This story has been culled from different chapters of the Yoga-Vasishtha Ramayana. Beginning at paragraph 19 of chapter 15, it jumps to chapters 17, 19-21, 23-27, 29-45 (in snatches), 56, 58, and finally ends in chapter 59. There are besides, numerous discourses of a philosophical nature, on death, for instance, descriptions of ethereal journeys across various worlds, of wars with miraculous weapons such as those used in the battles of the Epics. In one place alone there may be a touch of physical history or interpolation. This is in the account of King Viduratha, ruling over a kingdom overrun by invaders from Sind. In A.D. 712 the Arab General Bin Kassim advanced from Sind into the Multan area. His vanguards were the newly converted lower castes, liberated and equal as Muslims. The King's sallying out of his fort, leaving a token force to defend the walls under the Queen, is a historical fact. The story itself provides a profound insight into the nature of leela, the comprehension of which is the secret of that sama/a which the Gita speaks of. -- Lt. Col. Gunindra Lal Bhattacharya

Said the sage Vasishtha to crown prince Rama:

Human anguish is caused by Ignorance. The Divine Creation is a total harmony. Through purity and aspiration man can partake of that knowledge and live liberated lives. I shall avoid the subtleties of Yoga and instead tell you the story of the two Leelas.

In times of yore lived a Prince named Padma. Strong and powerfully built, he was handsome, brave, wise and a patron of the learned. His consort was the happy Princess Leela, who was sensitive to every mood of her husband. All the rooms in her suite were carefully arranged with flowers. Nightly, bathed and perfumed, she welcomed her beloved Prince with a flower garland woven by herself. The pair passed their time in witty talk, and amour. Yet, when alone, there was a gnawing anguish within her.

One night Leela awoke to find the bedchamber flooded in moonlight. She sat up to look at her dear lord. How peacefully was he sleeps! She shuddered at the thought that he would someday decline, then die. Wistfully she asked herself, 'How shall my Lord be free from old age and death? How can I preserve my present youth and bloom, so dear Jo him, for an eternal life together?" Dawn crept in, and the birds sang, but she had found no answer.

That morning, at Leela's request, learned men attended the Audience Chamber, to debate over the Princess' two questions. They asserted that no man could attain immortality on earth. The old assured her that all life was unreal; so was her happiness and so would be her fears. The young did notfully agree. One, with ancient wisdom in his dark eyes, said, "I feel hunger, I feel a pinprick -these are not unreal to me though they may be to another or to a god. There must be a state of consciousness which can see and experience more than one form of existence."

Leela looked up and said, "O young sage! Tell me the way of this simultaneous apprehension of multiple levels of experience. You shall be my guide." "It is not guidance that you need, Princess," he said, "For all know of your devotions and austerities. But they are only preparations. Now must rise aspiration from your heart. But it is only Grace, a boon from the gods that can give the abilities you seek. There is nothing that I can do."

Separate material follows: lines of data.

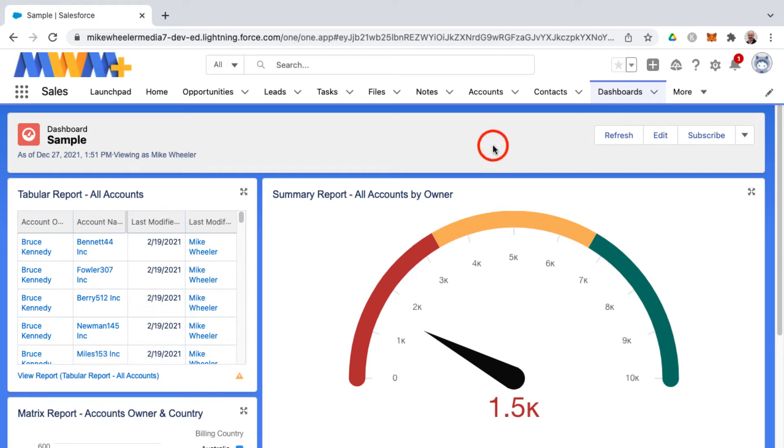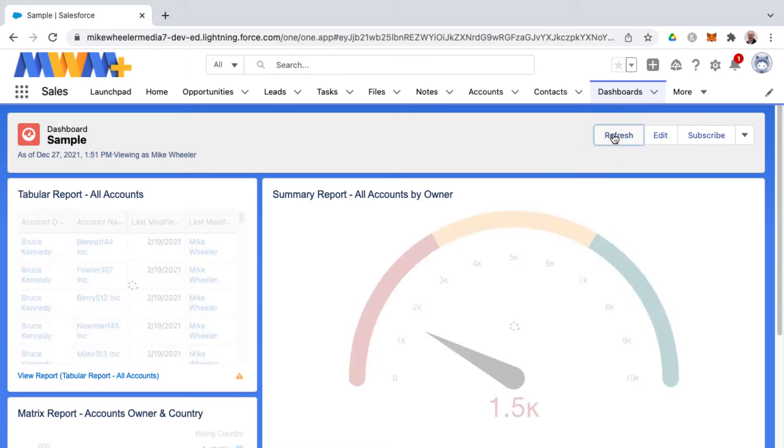Dashboards in Salesforce don't automatically refresh. You have a couple of options. You can schedule a refresh or you can manually refresh by clicking the refresh button.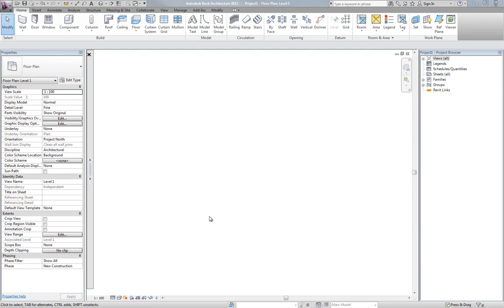Hi, welcome to this tutorial. In this tutorial I'm going to show you a feature that we added to Family Browser version 3 and enhanced slightly in Family Browser for 2012. It is a type catalog generator.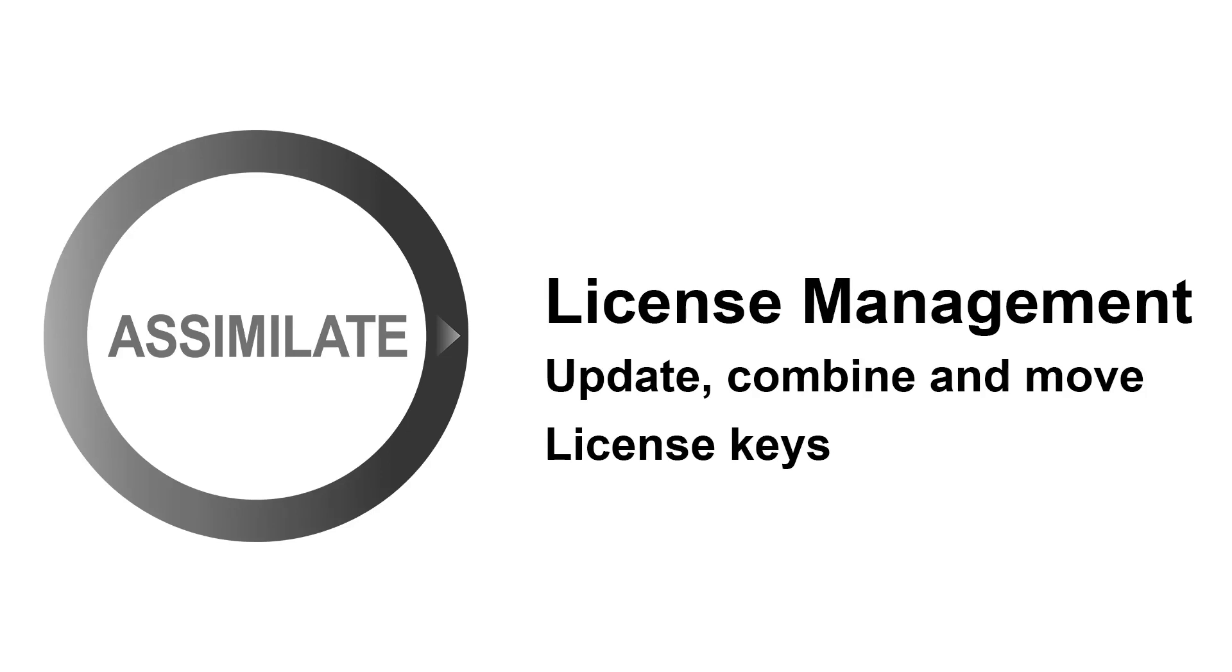Hi everyone, in this tutorial I'm going to show you how you can update, combine or move your license key to a different machine.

Back in her chamber, Leela pondered. If she died before her husband, she would suffer no pain at his passing away. But should he die before her!

"I must then ensure," she concluded, "that even after he dies my husband's spirit shall never leave the confines of his body. Then could I move about in his presence for ever."
In her devotional chamber Leela lit a lamp, looked at it and sat down to concentrate. Within her heart were her two prayers. Her lips uttered the name of Saraswati, the Goddess of Wisdom. She prayed in the mornings; she prayed after the Prince slept.
So days passed into months.

It was on the hundredth night that Saraswati touched the fair head of the Princess, whose eyes gazed into an unknown infinity. Seeing the vision of her desire, she bowed down in great joy. Tears welled out of her large eyes.

"Child, look into my eyes," said the Goddess. "I grant the boons I read in your heart. After your husband dies, his soul shall not go beyond the precincts of this shrine and I shall appear before you whenever you need me."

Thus assured and delighted, for many years the princess brought joy and laughter to all around her.

Prince Padma passed away one day of a sudden seizure. His body was brought into the royal bedchamber where Leela waited, grief stricken. The men left, the maid closed the doors, and Leela sat at the foot of the royal bed, despondent, puzzled, till she recalled her boon. She prayed to Goddess Saraswati.

Ever responsive to her devotees, the Goddess appeared. Asking Leela to wipe her tears she said, "Remove the body of your dead husband to your prayer chamber. Never will this body decompose as long as fresh flowers cover him. His soul, being pure as the air, shall never depart from there and you will always see this body as if still alive."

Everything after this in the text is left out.